Under the RMA, we have devolved from a land of great potential to one of wasted opportunity, and the West Coast is a region of immense opportunity.
As someone recently remarked to me, because of laws like the RMA, there are too many referees in this country and not enough players.
Whether it’s Woodstock Quarries seeking an extension at Waimakariri, which was declined and is now under appeal to the Environment Court, or the drawn-out consenting process for the Barrytown sand mining venture, the RMA undermines prime opportunities to meet our needs with New Zealand’s own resources, and we are forgoing economic development opportunities because of it.
What could we do about this?
One option is to bury our heads in the sand and get distracted by the noise.
We could pretend there’s nothing fundamentally wrong with the RMA.
We could pretend the problem is a mere ‘perception’ of unjustified regulation, or of a system too rigid.
We could pretend that the issue is simply that the RMA has ‘not been implemented correctly’, much like the supposed reason for the failure of communism…
Believe it or not, these are all things some have argued, but it’s pretty clear what this thinking delivers.

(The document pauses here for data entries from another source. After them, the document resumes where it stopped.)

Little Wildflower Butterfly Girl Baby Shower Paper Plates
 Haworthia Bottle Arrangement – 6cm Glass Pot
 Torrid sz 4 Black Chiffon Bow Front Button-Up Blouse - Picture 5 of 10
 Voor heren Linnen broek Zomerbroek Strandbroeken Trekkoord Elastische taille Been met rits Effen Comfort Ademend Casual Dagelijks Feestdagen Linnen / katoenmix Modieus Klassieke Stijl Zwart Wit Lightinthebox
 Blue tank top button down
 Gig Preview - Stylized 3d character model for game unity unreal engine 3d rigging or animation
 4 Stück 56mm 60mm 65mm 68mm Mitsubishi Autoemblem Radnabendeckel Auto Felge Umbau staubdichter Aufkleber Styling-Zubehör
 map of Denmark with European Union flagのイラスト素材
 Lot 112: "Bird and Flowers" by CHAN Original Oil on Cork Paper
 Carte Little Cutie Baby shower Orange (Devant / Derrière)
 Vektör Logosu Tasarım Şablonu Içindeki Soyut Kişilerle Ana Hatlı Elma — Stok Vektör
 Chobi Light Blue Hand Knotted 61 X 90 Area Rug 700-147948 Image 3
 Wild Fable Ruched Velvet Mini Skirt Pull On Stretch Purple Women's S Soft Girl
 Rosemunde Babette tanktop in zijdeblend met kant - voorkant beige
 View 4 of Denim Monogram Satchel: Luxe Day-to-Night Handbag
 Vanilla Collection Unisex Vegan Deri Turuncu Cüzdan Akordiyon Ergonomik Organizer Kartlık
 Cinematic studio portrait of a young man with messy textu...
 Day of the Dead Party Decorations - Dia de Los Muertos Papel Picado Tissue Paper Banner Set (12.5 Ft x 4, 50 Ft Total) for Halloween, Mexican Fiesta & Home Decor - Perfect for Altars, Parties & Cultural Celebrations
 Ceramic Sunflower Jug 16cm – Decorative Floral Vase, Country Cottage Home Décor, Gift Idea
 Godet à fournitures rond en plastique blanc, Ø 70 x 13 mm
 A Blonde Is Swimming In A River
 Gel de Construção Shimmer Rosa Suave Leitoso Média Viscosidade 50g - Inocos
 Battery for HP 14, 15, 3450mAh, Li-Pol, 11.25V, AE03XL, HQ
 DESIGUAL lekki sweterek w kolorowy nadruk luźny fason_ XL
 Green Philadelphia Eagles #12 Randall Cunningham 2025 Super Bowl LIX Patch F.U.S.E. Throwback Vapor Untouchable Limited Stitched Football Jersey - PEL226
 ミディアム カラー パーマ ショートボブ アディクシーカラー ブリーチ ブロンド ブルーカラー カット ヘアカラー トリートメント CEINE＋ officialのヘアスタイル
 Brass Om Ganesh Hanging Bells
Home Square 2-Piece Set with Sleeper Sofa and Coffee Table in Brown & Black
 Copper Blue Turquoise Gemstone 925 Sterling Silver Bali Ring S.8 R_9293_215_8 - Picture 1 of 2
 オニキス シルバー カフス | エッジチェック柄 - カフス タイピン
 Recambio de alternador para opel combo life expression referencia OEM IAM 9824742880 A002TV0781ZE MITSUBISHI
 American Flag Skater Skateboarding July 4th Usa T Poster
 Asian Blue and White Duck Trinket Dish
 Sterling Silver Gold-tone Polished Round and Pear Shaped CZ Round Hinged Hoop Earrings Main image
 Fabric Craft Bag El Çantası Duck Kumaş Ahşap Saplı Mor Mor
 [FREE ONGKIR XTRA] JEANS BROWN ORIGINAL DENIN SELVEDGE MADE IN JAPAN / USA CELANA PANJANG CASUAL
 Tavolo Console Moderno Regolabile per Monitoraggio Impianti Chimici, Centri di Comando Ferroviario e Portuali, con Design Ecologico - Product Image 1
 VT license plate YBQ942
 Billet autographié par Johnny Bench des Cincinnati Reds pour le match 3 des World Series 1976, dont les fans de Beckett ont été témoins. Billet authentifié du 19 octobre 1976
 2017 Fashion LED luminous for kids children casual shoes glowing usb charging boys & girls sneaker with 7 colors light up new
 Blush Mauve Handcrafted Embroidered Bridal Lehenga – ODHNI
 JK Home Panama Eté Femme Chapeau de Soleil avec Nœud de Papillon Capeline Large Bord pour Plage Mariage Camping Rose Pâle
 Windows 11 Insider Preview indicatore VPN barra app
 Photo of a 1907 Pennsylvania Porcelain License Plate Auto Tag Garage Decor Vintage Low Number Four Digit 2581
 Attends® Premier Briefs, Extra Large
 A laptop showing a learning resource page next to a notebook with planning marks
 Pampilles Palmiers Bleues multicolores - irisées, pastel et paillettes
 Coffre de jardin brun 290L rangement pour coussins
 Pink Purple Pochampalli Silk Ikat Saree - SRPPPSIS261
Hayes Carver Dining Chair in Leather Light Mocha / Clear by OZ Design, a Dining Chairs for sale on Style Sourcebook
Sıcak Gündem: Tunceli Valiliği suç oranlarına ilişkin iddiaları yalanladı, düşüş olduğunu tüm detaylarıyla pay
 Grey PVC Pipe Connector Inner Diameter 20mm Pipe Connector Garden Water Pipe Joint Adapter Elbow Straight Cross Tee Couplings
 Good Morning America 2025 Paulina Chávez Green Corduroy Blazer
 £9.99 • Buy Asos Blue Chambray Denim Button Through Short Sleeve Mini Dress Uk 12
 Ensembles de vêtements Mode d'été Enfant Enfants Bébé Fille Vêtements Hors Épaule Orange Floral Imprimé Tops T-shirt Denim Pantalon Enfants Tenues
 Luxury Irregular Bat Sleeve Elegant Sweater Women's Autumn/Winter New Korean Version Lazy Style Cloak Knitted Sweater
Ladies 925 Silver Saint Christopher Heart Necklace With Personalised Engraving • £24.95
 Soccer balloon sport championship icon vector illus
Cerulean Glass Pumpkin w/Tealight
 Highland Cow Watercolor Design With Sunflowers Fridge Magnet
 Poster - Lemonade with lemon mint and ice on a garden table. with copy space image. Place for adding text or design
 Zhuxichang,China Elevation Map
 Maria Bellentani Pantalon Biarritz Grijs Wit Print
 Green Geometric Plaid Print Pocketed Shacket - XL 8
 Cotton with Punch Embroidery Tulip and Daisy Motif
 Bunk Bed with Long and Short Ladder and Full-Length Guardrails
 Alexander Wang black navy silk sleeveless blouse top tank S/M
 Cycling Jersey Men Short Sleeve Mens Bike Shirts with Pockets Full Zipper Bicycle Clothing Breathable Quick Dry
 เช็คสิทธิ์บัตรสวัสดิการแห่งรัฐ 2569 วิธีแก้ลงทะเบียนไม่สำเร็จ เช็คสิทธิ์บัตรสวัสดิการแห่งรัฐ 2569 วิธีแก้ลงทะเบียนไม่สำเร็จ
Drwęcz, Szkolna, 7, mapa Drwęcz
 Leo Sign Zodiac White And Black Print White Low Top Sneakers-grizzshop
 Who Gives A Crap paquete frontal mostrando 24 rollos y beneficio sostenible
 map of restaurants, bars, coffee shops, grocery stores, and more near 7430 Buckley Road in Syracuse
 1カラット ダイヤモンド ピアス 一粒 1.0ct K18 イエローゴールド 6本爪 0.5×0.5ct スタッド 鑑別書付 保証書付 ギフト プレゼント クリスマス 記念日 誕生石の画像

Thankfully, we’ve built a coalition around a much better vision which accepts the necessity to provide for human needs.
What are we doing about resource management?
Fast-track
Ministers Jones and Bishop have been leading the charge on delivering a one-stop-shop fast-track approvals process for consenting projects of regional and national significance.
This is an important jump start to get some of the big wheels turning.
RMA amendments
Minister Bishop has also announced a suite of panel-beating changes to the RMA to clear some immediate congestion in the system we’re currently stuck with.
The first amendment Bill includes the re-alignment of the treatment of coal with that of other extractive activities around wetlands, removing what is currently an arbitrary additional hurdle. Minister Jones has done great work in this space.
Another important element is the streamlining of the pathway for making and amending RMA national direction.
This streamlined pathway will pave the way for a package of national direction work to follow to address the incoherence of existing instruments and fill the gaps that currently exist. I trust this will provide long-fought relief for my friends in the quarrying sector whose constructive solutions to sloppy inconsistencies – inconsistencies which have blocked the provision of critical aggregate materials – are finally being picked up.
Quarrying is one of these essential services ‘ancillary’ to infrastructure, without which neither infrastructure nor the things it enables can be built, and these ancillary services are part of what I am considering in my work on a National Policy Statement for Infrastructure. This NPS has a key role in enabling infrastructure and addressing the fact there is currently no instrument properly promoting its benefits.
Phase three
The fast-track jump-start and the amendment panel-beating are important steps to get us moving.
However, a lemon can only take us so far.
Through the RMA, we have veered so far off track that many have lost sight of the role of the resource management vehicle, and what it should deliver.
This is why Minister Bishop and I recently announced the “Phase 3” plan to replace the Resource Management Act with a system based on the enjoyment of property rights.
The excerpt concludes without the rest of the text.